A. Aucune violation de l’équité procédurale durant l’audience de la SPR

[14] Les demandeurs plaident que la gestion brutale de l’audience a engendré une violation de l’équité procédurale parce que la SPR les a empêchés de présenter des éléments de preuve pertinents, ce qui les a privés de leur droit d’être entendu. Ils se fondent sur deux occasions où la SPR les aurait empêchés de produire des éléments de preuve pertinents.

[15] Dans le premier cas, la commissaire de la SPR aurait sommé le demandeur principal de répondre d’abord à sa question, après que celui-ci eut demandé d’expliquer quelque chose. Selon les demandeurs, il aurait alors été empêché de mettre en lumière le système d’héritage. Suivant les questions posées par la commissaire de la SPR, le conseil des demandeurs a expressément demandé au demandeur principal : [traduction] « Pouvez-vous expliquer comment le système d’héritage fonctionne en Palestine eu égard au legs du grand-père à ses petits-enfants ? ». En me fondant sur mon examen, je me rallie à l’évaluation faite par la SAR. Je ne vois pas comment le demandeur principal a été empêché de témoigner à cet égard.

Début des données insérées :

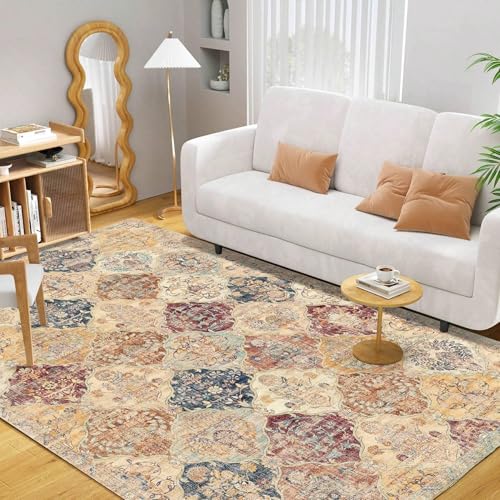 AUWUUA Blumen Boho Teppich Wohnzimmer 140x200cm Vintage Teppich Waschbar Groß Wohnzimmerteppiche, Dünn rutschfest kurzflor Teppiche Schlafzimmer, Marokkanischer für Kinderzimmer Gastzimmer Büro AUWUUA Blumen Boho Teppich Wohnzimmer 140x200cm Vintage Teppich Waschbar Groß Wohnzimmerteppiche, Dünn rutschfest kurzflor Teppiche Schlafzimmer, Marokkanischer für Kinderzimmer Gastzimmer Büro von AUWUUA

[16] Dans le second cas, l’épouse du demandeur principal a interrompu la déposition de ce dernier pour savoir si elle pouvait expliquer le droit des successions à la commissaire de la SPR. Celle-ci a refusé de l’autoriser, car elle ne voulait entendre que le demandeur principal à ce moment-là, mais elle a ajouté que le conseil des demandeurs pourrait leur demander s’ils voulaient étayer davantage leur déposition. Au terme du témoignage du demandeur principal, la commissaire de la SPR a indiqué qu’elle n’avait pas d’autres questions pour son épouse, Mme Ahmad, l’autre demanderesse majeure. La Commissaire de la SPR a alors demandé au conseil des demandeurs ce qui suit : [traduction] « Avez-vous d’autres questions pour Mme Ahmad ? Je sais qu’elle voulait dire quelque chose plus tôt. Avez-vous des questions à lui poser ? ». Même après que le précédent conseil des demandeurs eut posé ses questions, la commissaire de la SPR a de nouveau interrogé Mme Ahmad : [traduction] « Avez-vous autre chose à dire madame ? ».

[17] Les demandeurs soutiennent que la commissaire de la SPR ne pouvait s’en tenir à « faire allusion » à la précédente tentative de témoignage de la demanderesse et qu’elle aurait dû en faire davantage pour recueillir cette déposition. Je ne suis pas de cet avis. Cet exemple ne corrobore pas la thèse des demandeurs selon laquelle la production de leur preuve a été entravée par la conduite de la commissaire de la SPR. Il reflète plutôt que celle-ci a pris les mesures nécessaires pour veiller à ce que la demanderesse ait l’occasion de témoigner.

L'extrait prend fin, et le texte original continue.